Blood Clots in an Artery

Arterial clots feel very different from venous ones. When a clot blocks blood flow in an artery supplying your arm or leg, the onset is sudden and the pain is severe. Doctors describe the experience using “the six Ps”: pain, paleness, coldness (the limb feels cool to the touch), a weak or absent pulse, pins and needles, and eventually an inability to move the limb.

The key sensation that sets arterial clots apart is coldness and numbness. With a DVT, the leg feels warm. With an arterial blockage, the limb turns pale and cold because oxygen-rich blood can no longer reach the tissue. This is a time-sensitive emergency, as prolonged loss of blood flow can permanently damage the limb.

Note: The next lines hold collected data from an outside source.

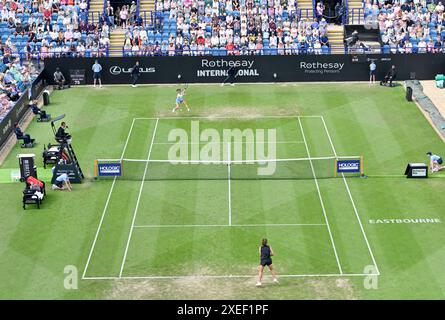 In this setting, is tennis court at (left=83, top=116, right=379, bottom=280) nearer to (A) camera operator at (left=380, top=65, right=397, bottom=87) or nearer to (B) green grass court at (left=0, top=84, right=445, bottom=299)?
(B) green grass court at (left=0, top=84, right=445, bottom=299)

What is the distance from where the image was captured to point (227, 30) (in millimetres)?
65875

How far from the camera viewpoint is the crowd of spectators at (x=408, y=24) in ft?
213

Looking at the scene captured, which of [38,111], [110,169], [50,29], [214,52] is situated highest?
[50,29]

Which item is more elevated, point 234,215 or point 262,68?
point 262,68

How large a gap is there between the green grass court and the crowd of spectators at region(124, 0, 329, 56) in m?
7.74

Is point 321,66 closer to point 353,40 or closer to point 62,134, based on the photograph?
point 353,40

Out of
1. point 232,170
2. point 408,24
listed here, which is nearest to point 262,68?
point 408,24

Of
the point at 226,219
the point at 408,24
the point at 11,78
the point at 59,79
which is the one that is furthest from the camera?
the point at 408,24

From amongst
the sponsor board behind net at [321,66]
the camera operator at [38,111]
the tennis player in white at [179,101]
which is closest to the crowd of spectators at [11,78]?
the camera operator at [38,111]

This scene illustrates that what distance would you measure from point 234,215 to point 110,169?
8.13 metres

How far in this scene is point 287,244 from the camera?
1468 inches

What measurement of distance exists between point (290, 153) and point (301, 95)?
40.7 ft

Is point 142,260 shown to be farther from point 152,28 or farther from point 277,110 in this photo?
point 152,28

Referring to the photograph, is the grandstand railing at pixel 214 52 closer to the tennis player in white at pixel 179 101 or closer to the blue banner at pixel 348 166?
the tennis player in white at pixel 179 101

Blood Clots in the Abdomen

Clots can form in the veins draining the intestines, a condition that causes abdominal pain that tends to worsen after eating. The pain often builds gradually over days, which makes it easy to dismiss as a stomach issue. There’s usually no external swelling or skin changes to tip you off, so this type of clot is harder to recognize based on sensation alone. Nausea, bloating, or bloody stool may eventually develop as the condition progresses.

Blood Clots in the Brain

A clot in the veins draining the brain produces a headache in 80 to 90 percent of cases. Unlike a typical tension headache, this one is usually diffuse (felt across the whole head rather than in one spot), progressive, and severe. It can mimic a migraine, a cluster headache, or even the sudden “thunderclap” headache associated with a brain bleed. In more than 90 percent of cases, the headache comes alongside neurological symptoms like vision changes, seizures, weakness on one side of the body, or difficulty speaking.

How to Tell a Clot From a Muscle Injury

Since most people searching this question are worried about their leg, here’s a practical comparison. Both a DVT and a muscle strain can cause calf pain and tenderness. The features that point toward a clot rather than a simple injury include:

  • One-sided swelling: The affected leg looks visibly puffier than the other, especially in the calf or ankle.
  • Skin warmth and color change: Redness, purple discoloration, or skin that feels hot over the sore area. A pulled muscle doesn’t typically change skin color or temperature.
  • Pain that doesn’t improve: Muscle strains start getting better within 24 to 48 hours. DVT pain stays the same or worsens.
  • No clear injury: You didn’t do anything strenuous to explain the soreness. DVT risk increases after long periods of immobility, such as a long flight, bed rest, or recovery from surgery.
  • Visible surface veins: New, prominent veins appearing on the skin of the affected leg can signal that blood is rerouting around a blockage.

Your risk profile also matters. Recent surgery, cancer treatment, pregnancy, use of hormonal birth control, a history of previous clots, or being immobilized for several days all raise the likelihood that leg pain represents a DVT rather than a strain. Doctors use a scoring system that weighs these factors alongside physical signs to decide how urgently imaging is needed. A calf that’s swollen, warm, and discolored in someone who just had surgery, for example, scores much higher for concern than vague soreness in an otherwise active person.

When Symptoms Overlap or Are Absent

One of the frustrating realities of blood clots is that their symptoms overlap with many common, harmless conditions. Calf pain could be a cramp. Chest pain could be heartburn. A headache could be stress. What makes clots dangerous is that waiting to see if the pain resolves on its own can allow the clot to grow or travel.

The combination of symptoms matters more than any single one. Leg pain plus swelling plus warmth is more concerning than leg pain alone. Chest pain plus sudden breathlessness at rest is more concerning than chest pain that comes and goes with meals. And any sudden, severe symptom in a limb, such as pain with coldness, numbness, or paleness, warrants immediate evaluation regardless of your risk factors.